• _WORK TO COMPLETE_
Throughout the listing below, copy each line containing "with".

====== DATA RECORDS

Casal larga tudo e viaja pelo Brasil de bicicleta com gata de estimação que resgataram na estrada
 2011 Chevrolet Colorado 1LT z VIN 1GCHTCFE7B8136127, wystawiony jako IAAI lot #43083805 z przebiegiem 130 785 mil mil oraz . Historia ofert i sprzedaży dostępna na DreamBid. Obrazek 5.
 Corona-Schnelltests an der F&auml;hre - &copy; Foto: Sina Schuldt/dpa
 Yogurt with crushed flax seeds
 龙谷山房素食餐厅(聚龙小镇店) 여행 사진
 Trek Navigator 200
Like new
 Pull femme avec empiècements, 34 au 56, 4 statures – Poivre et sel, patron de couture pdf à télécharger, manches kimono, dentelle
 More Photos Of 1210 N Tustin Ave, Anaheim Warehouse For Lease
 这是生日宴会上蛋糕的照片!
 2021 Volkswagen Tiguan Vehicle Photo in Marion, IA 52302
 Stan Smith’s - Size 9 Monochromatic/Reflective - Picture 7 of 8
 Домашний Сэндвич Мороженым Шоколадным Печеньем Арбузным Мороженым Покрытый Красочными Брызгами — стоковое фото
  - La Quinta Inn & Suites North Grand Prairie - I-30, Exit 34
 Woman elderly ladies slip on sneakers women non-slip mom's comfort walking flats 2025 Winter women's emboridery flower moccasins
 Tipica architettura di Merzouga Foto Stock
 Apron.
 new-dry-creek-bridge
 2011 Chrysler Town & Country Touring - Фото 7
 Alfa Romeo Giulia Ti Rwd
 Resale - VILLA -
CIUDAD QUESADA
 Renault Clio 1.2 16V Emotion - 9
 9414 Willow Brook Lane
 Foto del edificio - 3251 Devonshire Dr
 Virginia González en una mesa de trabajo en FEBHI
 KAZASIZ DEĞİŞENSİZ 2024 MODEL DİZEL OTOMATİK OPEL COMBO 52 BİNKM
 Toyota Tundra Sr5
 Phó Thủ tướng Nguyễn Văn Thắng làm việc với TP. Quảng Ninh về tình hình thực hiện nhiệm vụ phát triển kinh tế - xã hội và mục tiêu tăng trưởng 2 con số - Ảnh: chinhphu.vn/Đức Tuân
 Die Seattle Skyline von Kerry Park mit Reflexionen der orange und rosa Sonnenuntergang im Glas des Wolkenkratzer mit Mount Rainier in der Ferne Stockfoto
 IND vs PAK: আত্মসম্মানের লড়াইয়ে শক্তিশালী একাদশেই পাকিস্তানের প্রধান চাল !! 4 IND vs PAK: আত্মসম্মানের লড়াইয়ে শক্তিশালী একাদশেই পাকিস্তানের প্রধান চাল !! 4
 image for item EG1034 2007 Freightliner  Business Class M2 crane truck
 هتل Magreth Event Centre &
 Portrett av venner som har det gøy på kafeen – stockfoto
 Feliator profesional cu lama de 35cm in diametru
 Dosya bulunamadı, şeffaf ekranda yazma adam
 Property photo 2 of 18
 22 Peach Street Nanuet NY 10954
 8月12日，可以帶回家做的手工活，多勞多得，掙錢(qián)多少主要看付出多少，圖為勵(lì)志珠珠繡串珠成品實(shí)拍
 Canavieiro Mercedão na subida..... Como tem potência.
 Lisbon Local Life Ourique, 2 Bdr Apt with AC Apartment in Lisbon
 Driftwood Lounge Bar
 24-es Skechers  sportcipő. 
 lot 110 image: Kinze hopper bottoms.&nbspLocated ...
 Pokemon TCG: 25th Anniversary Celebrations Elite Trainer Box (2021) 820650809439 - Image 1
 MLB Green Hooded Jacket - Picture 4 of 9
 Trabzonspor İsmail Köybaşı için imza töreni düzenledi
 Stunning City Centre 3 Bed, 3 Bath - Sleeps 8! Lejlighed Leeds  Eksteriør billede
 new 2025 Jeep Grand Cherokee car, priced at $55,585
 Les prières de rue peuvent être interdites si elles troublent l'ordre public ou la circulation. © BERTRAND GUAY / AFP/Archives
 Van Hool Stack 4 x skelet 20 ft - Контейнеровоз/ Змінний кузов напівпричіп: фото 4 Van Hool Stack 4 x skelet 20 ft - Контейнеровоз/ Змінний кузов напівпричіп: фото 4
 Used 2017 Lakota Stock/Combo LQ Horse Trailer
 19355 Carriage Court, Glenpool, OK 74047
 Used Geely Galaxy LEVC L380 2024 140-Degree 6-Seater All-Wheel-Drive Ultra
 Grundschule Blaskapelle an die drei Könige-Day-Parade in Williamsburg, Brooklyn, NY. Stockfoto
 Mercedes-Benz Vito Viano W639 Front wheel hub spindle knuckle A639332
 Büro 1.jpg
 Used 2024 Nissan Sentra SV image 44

============

• _OUTPUT FOR THIS EXERCISE_
 Yogurt with crushed flax seeds
 Lisbon Local Life Ourique, 2 Bdr Apt with AC Apartment in Lisbon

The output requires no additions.